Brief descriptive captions
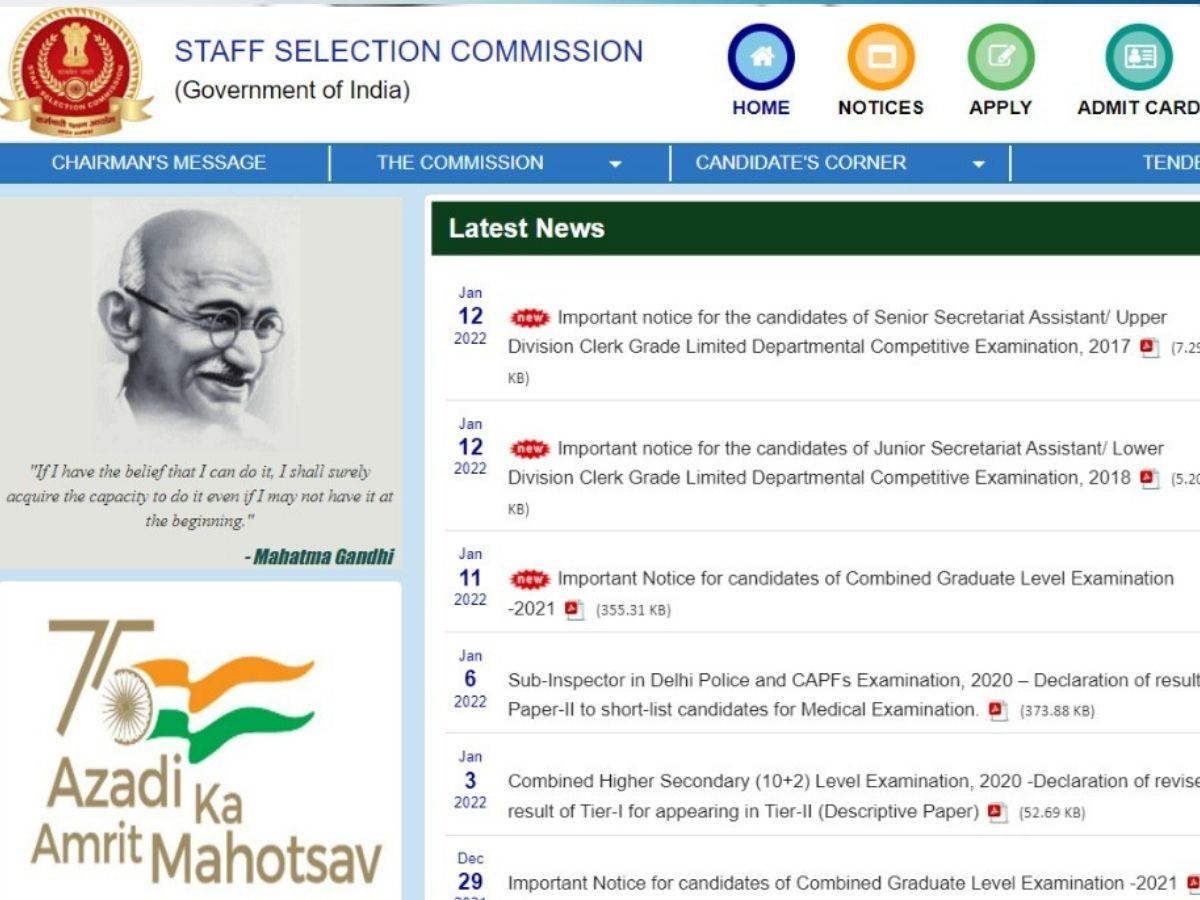 SSC MTS, SSC GD Constable Result होंगे जारी, 25 हजार से ज्यादा पदों पर होगी भर्ती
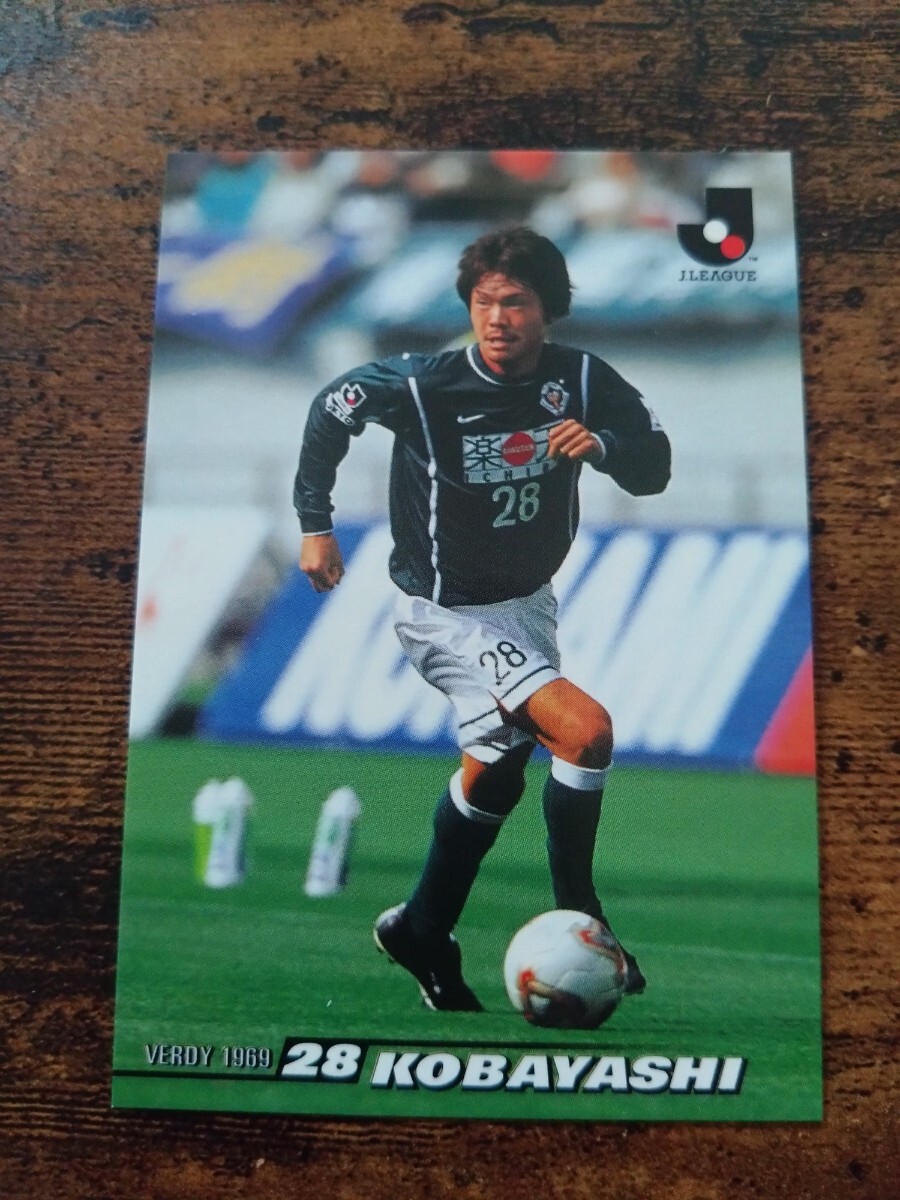 カルビー Jリーグチップス カード 2002 No.039 小林大悟 東京ヴェルディ1969拍卖
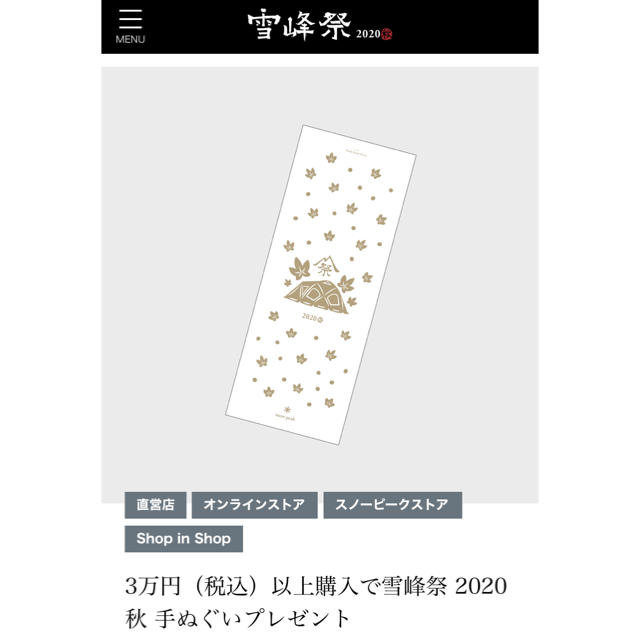 Snow Peak(スノーピーク)の【新品未使用】 スノーピーク雪峰祭2020秋限定「手ぬぐい」 スポーツ/アウトドアのアウトドア(その他)の商品写真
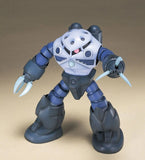 HGUC #06 MSM-07 Z`Gok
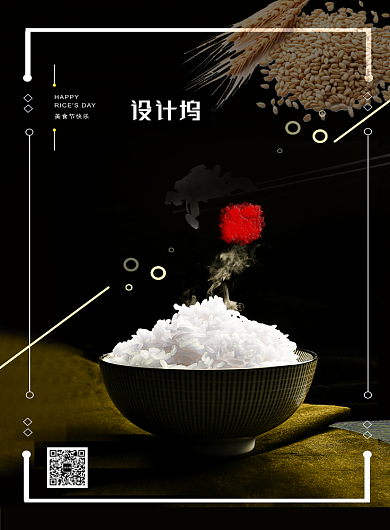 黑色大气简约优质大米印刷海报模板背景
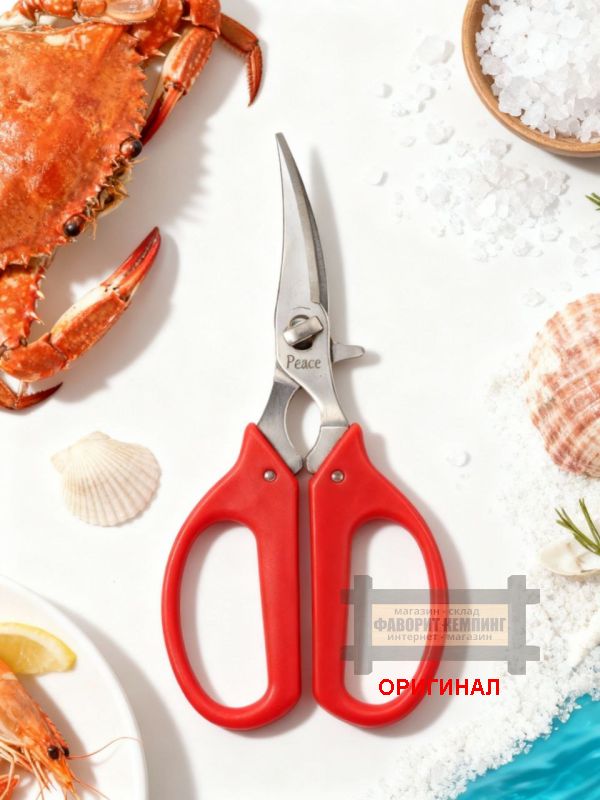 Ножницы для крабов Shibuki из нержавеющей стали  4580118852075 KH-11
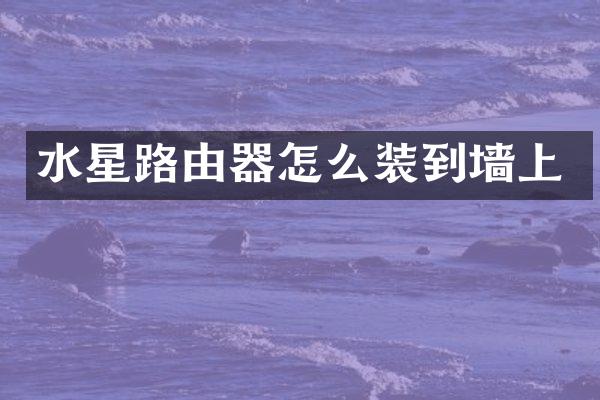 水星路由器怎么装到墙上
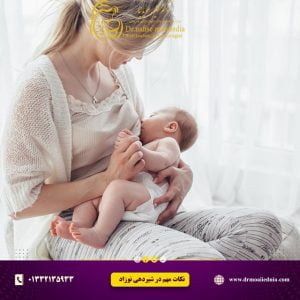 نکات-مهم-در-شیردهی-نوزاد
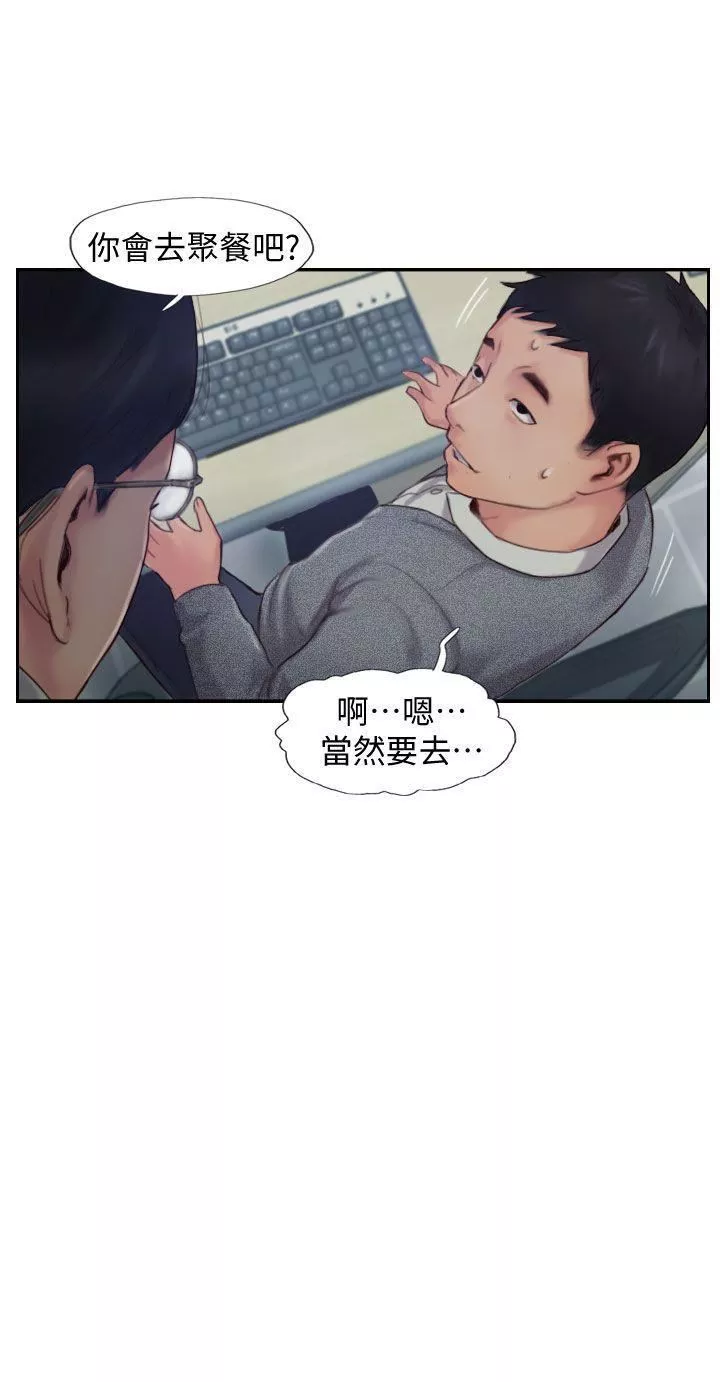 你劈腿了嗎?第3話-代理，你有女友嗎?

▶ [What to produce]: Lines from the one holding "HGUC #06 MSM-07" down to the last line of the entries above must be retyped exactly, inclusive of both, with no pictures and nothing else.

▶ [Expected answer]:
 HGUC #06 MSM-07 Z`Gok
 黑色大气简约优质大米印刷海报模板背景
 Ножницы для крабов Shibuki из нержавеющей стали  4580118852075 KH-11
 水星路由器怎么装到墙上
 نکات-مهم-در-شیردهی-نوزاد
 你劈腿了嗎?第3話-代理，你有女友嗎?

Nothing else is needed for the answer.